How birds are used to reveal the future
February 26, 2020 6.06am EST
Felice Wyndham
Researcher in Ethnobiology and Linguistics, University of Oxford
People around the world and throughout history have used birds to think about and predict the future. In Wales, the call of an early-arriving cuckoo in the spring foretells a good crop of hay later in the year. For Aymara speakers in the South American Andes, seeing a yellow-headed vulture is good luck, while spotting a black vulture is bad. In the Kalahari, southern Africa, !Xõ hunters carefully watch the black-faced babblers after an antelope hunt for signs of where their wounded prey may be.
Of all the ecological knowledge people around the world use in their day-to-day lives, an awareness of birds and bird behaviour is among the most ubiquitous.

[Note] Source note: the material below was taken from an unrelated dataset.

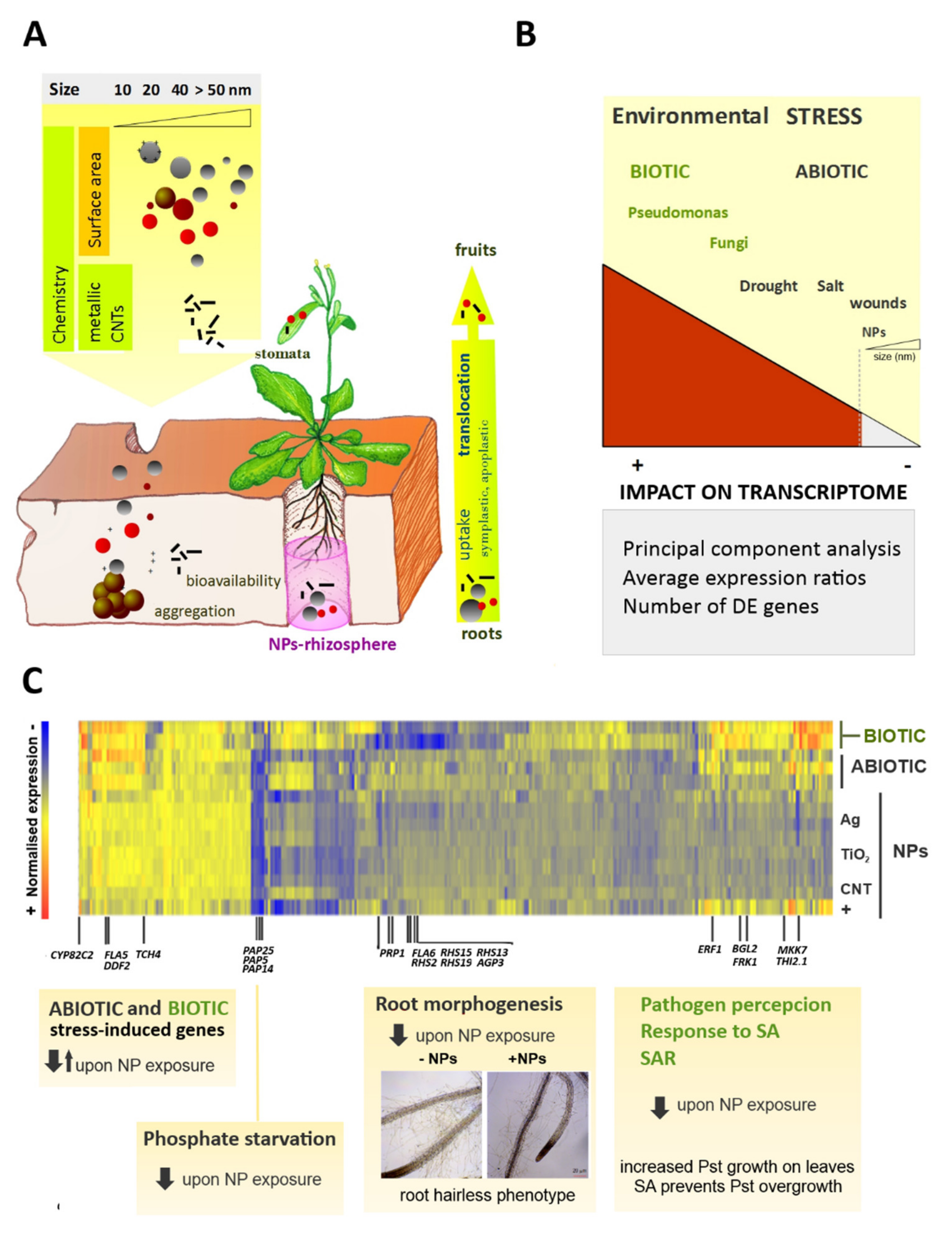 Plants 10 00751 g001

Karen Park and I explored this phenomenon in our research, Listen Carefully to the Birds. Comparing reports from six continents, we found that people from diverse communities pay attention to particular birds and what they reveal about the world around us, from approaching weather to illness, mortality and the supernatural.
The oldest known representation of a bird is in Chauvet cave, France - a 30,000-year-old owl drawn with fingers on a soft wall. Wikimedia Commons, CC BY-SA
We looked at more than 500 accounts, in 123 languages, of how birds are read in this way. Perhaps unsurprisingly, owls were the most commonly cited bird as signs or omens, and were usually related to death, ghosts and fear, but occasionally to something more positive, such as the beginning of summer.